W czasie negocjacji nad budżetem UE i Funduszem Odbudowy Solidarna Polska stała na stanowisku, że Polska powinna skorzystać z weta, aby w ten sposób sprzeciwić się wcześniejszemu przyjęciu przez UE rozporządzenia wiążącego wypłatę środków unijnych z kryterium praworządności (tego rozporządzenia Polska nie mogła zawetować, ponieważ przyjęte zostało większością kwalifikowaną).
Ostatecznie rząd nie zawetował budżetu uzyskując od UE przyjęcia wykładni wspomnianego wyżej rozporządzenia, doprecyzowującej jego zapisy.

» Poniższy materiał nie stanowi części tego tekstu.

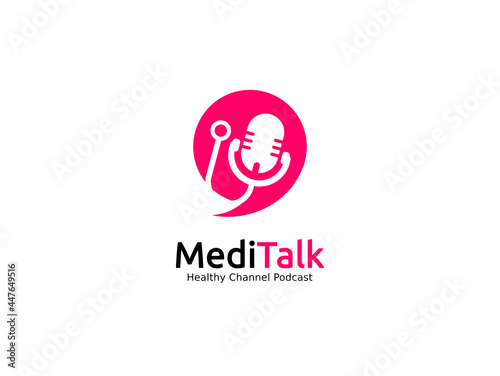 Medical podcast logo isolated on a white background. Doctors talk, share health, and disease information. Vector illustration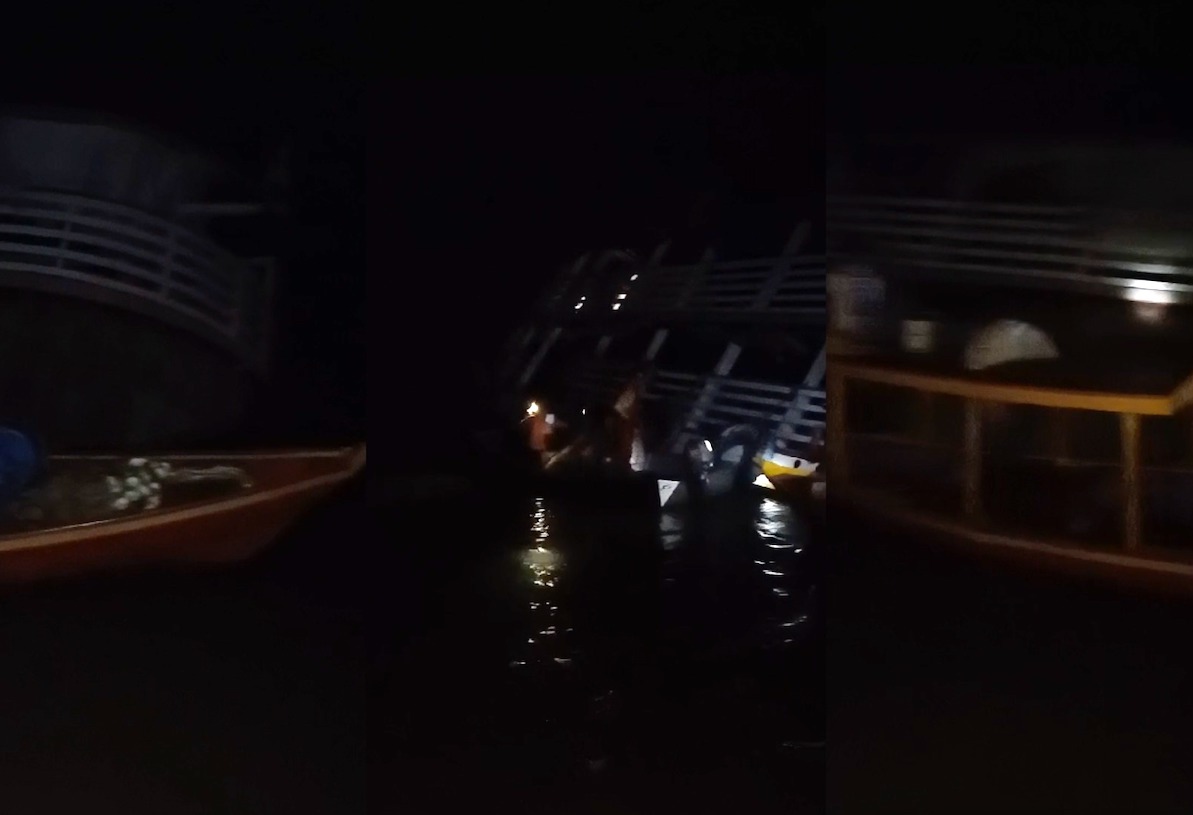 Barco bate em pedra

Solidarna Polska zapowiadała wówczas, że sprzeciwi się ratyfikowaniu przez Polskę Funduszu Odbudowy. W ostatnich dniach do sporu w tej kwestii doszło na forum rządu - ratyfikacji sprzeciwili się zasiadający w rządzie ministrowie z Solidarnej Polski.
- W normalnych warunkach, gdyby była alternatywa dla kierunku polityki rządu w stosunku do UE, to byśmy na 100 proc. z niego wystąpili - mówił Ziobro pytany o cały spór w Polsat News.
Minister sprawiedliwości dodał jednak, że "takiej alternatywy nie ma", bo - jak mówił "jest nią tylko gorsze rozwiązanie". Tym rozwiązaniem - jak mówił - jest "dojście do władzy sił, które jeszcze bardziej chcą oddawać suwerenność".